WHAT THE TASK ASKS:
Repeat only the lines below from the one containing "Foldable Premium Boxes" through the one containing "Framed Print : VCs", inclusive, exactly as written.

DATASET RECORDS:
=======

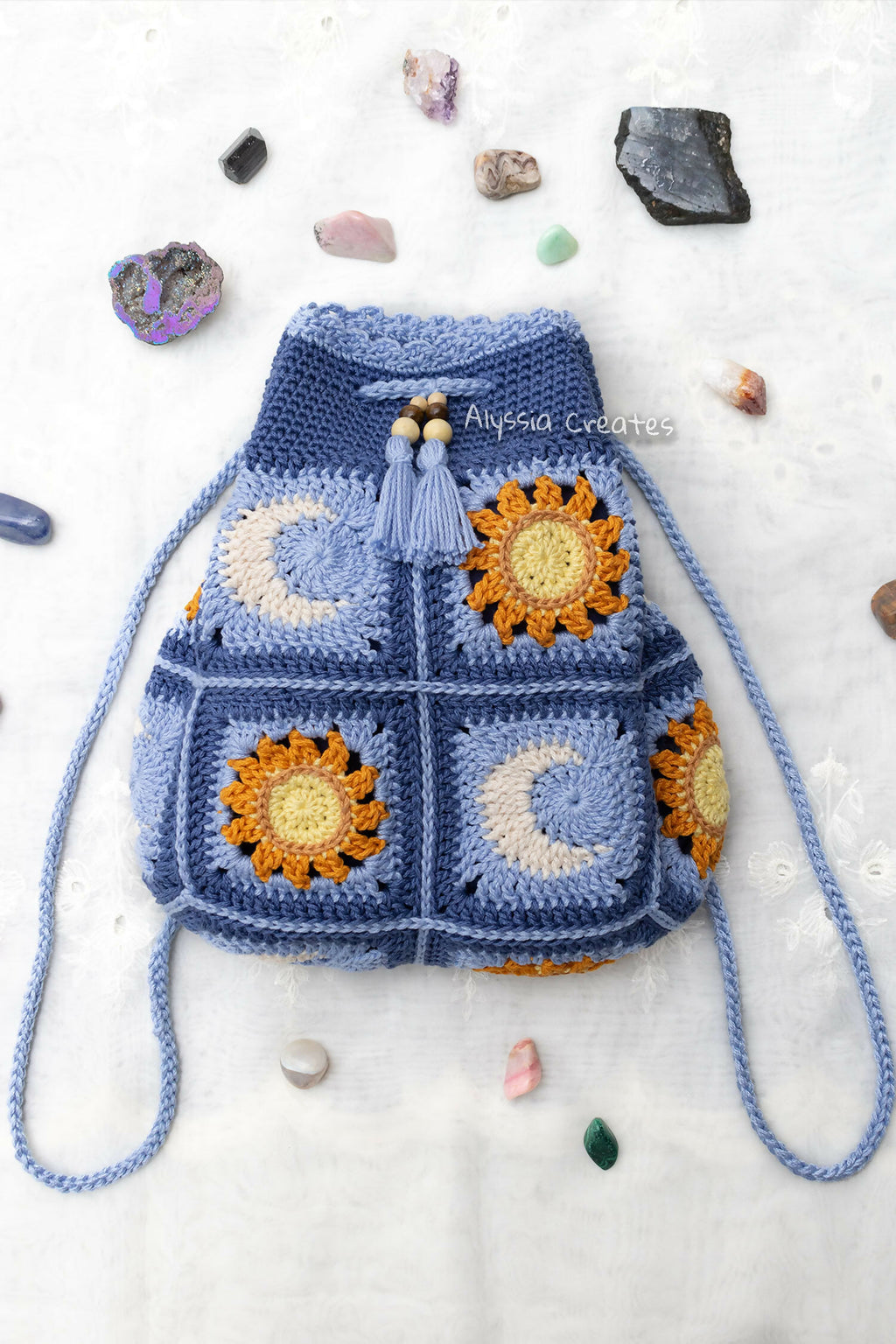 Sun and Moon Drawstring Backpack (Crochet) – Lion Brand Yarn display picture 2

=======

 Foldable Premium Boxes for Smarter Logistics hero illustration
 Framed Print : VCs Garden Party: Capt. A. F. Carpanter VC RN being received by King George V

=======

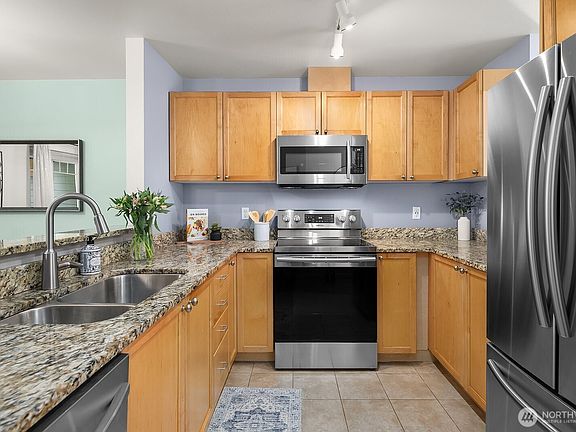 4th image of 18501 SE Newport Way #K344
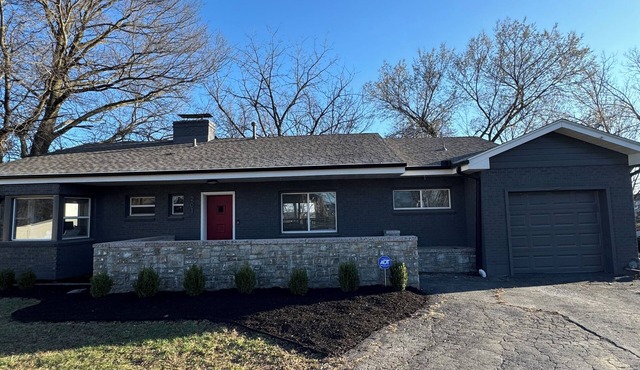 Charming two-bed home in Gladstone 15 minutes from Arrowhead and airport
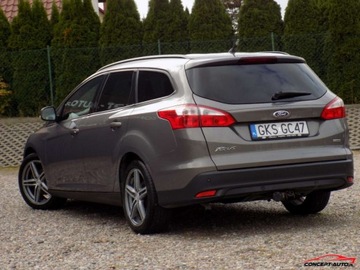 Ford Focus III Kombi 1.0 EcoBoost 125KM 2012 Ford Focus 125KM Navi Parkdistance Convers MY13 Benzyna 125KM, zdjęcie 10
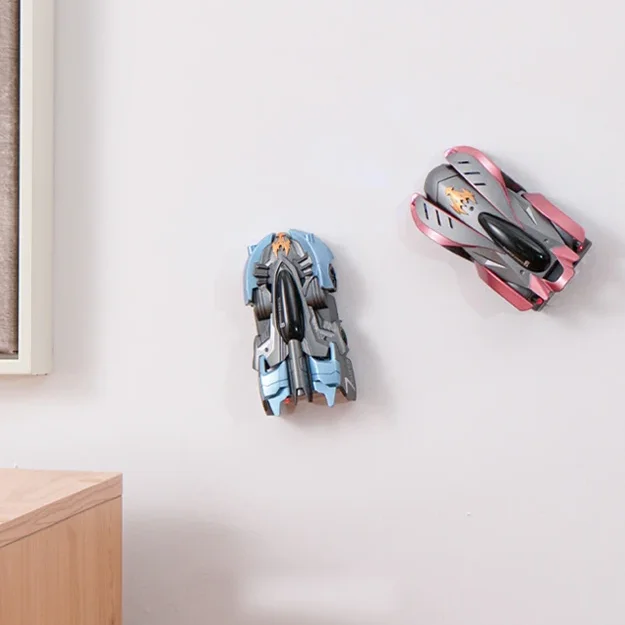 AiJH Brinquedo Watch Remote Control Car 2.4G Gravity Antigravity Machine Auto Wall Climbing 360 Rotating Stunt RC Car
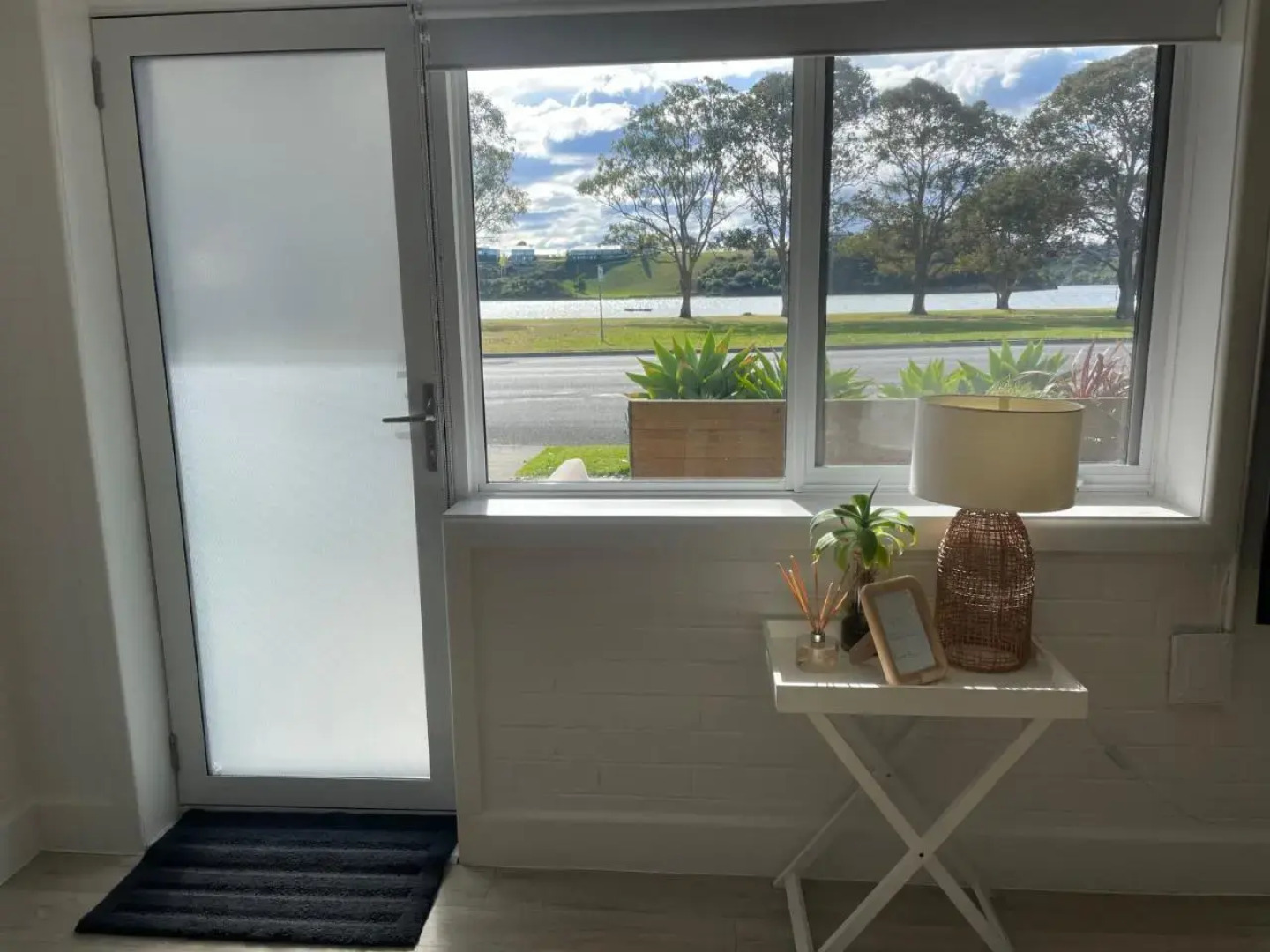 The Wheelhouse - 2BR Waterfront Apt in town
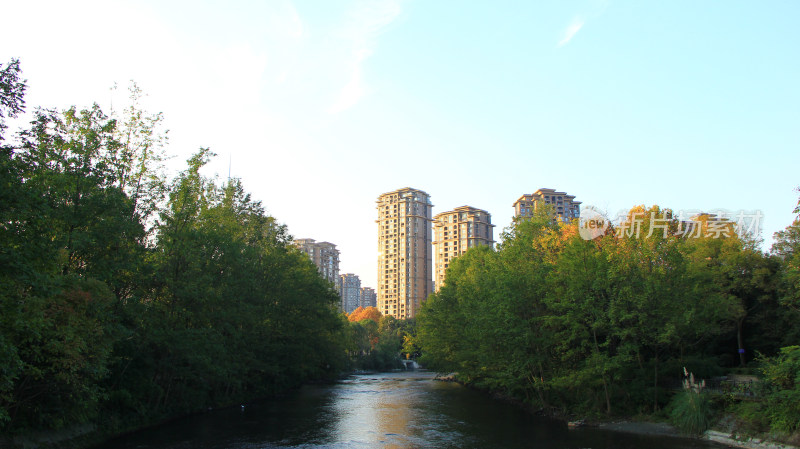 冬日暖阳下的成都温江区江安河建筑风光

=======

WRITTEN SOLUTION:
 Foldable Premium Boxes for Smarter Logistics hero illustration
 Framed Print : VCs Garden Party: Capt. A. F. Carpanter VC RN being received by King George V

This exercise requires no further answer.